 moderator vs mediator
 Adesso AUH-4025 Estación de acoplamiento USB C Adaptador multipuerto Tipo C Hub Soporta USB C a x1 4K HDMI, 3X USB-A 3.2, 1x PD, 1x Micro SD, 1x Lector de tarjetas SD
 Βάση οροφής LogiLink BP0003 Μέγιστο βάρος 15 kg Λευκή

_EXERCISE DESCRIPTION:_ Could each line above be retyped exactly?

_SOLUTION FOR THIS TASK:_
 moderator vs mediator
 Adesso AUH-4025 Estación de acoplamiento USB C Adaptador multipuerto Tipo C Hub Soporta USB C a x1 4K HDMI, 3X USB-A 3.2, 1x PD, 1x Micro SD, 1x Lector de tarjetas SD
 Βάση οροφής LogiLink BP0003 Μέγιστο βάρος 15 kg Λευκή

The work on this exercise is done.